AbstractCache's main focus is to deliver various cache and storage solutions which each addresses common challenges. All implementations follow the java.util.Map interface which makes it very easy to plugin. If your application's data could suffice by being stored/retrieved by unique keys then perhaps AbstractCache is something for you.
Tailsweep.com uses the HashedDiskCache for storing 10 million blog entries and we expect this to expand to a 1000M in six months but still we trust the HashedDiskCache.

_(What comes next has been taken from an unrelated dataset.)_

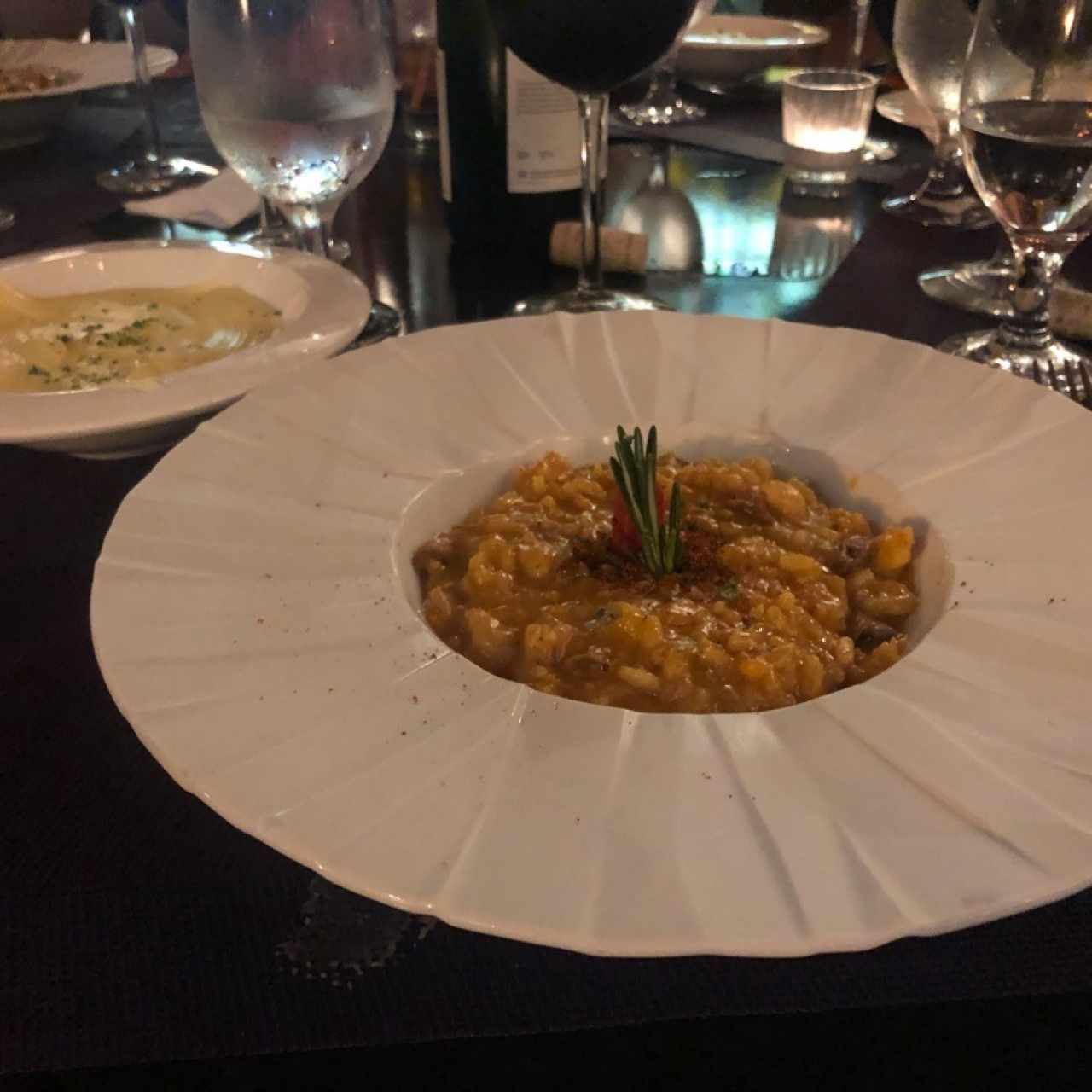 Risotto de Carne de Res y Langostinos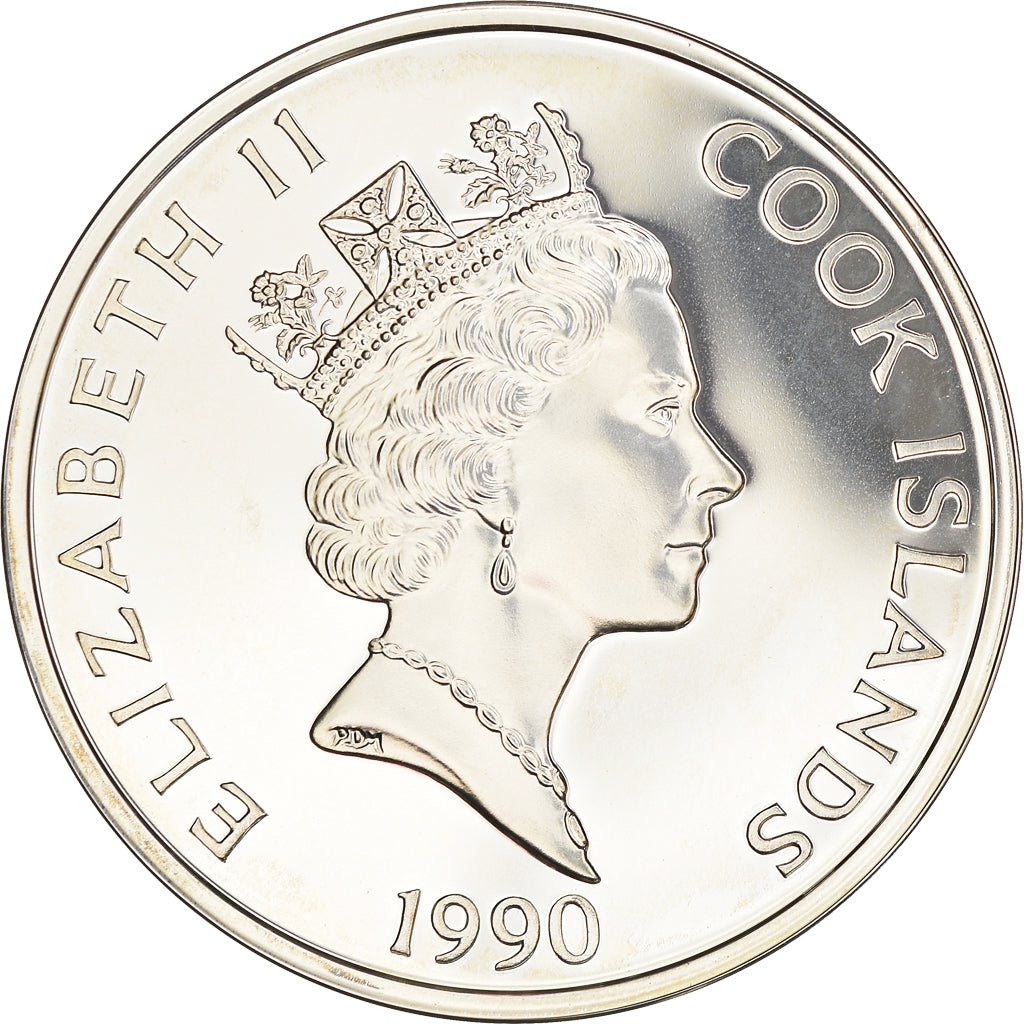 Moneta, Wyspy Cooka, Elizabeth II, 50 Dollars, 1990, Franklin Mint, MS(65-70)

Most of the implementations are tested in real life under extreme conditions but many are not. The Open Source Community can help out by using this fine library and reporting bugs. You can contact me regarding this project on: marcus dot herou at tailsweep.com
TODO
My call in life is to create an engine which guarantess state across all nodes, is fast, stable and maintainable. When the engine is completed it should be able to hook in various storage engines i.e. any cache available. Preferrable without a namenode which is the hard trick. Using a cluster file system like HDFS or GlusterFS is the key to success in this matter I believe since it removes one variable in the equation. The easy way to achieve this is to use the HashedDiskCache on GlusterFS but it has it's drawbacks in maintainability spreading millions of files in subdirs.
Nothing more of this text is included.